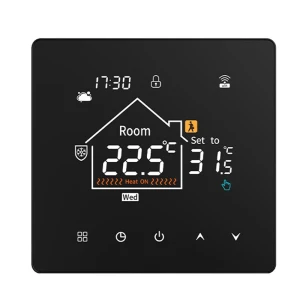Smart WiFi Thermostat with LCD Touch Screen — Smart Thermostat, Tuya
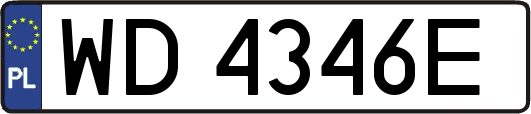 WD4346E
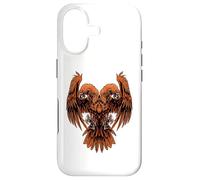 Empire Byzantin - Aigle à Deux têtes - Histoire médiévale Coque pour iPhone 17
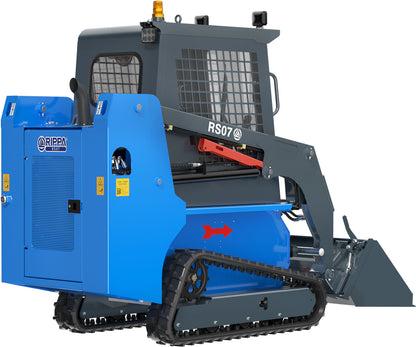 RS 07 Heckansicht - Rechts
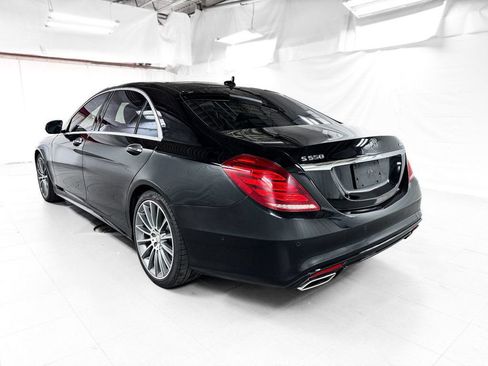 Used 2017 Mercedes-Benz S 550 4MATIC Sedan image 4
::::::
Retype everything in the material word for word, minus pictures.

Smart WiFi Thermostat with LCD Touch Screen — Smart Thermostat, Tuya
 WD4346E
 Empire Byzantin - Aigle à Deux têtes - Histoire médiévale Coque pour iPhone 17
 RS 07 Heckansicht - Rechts
 Used 2017 Mercedes-Benz S 550 4MATIC Sedan image 4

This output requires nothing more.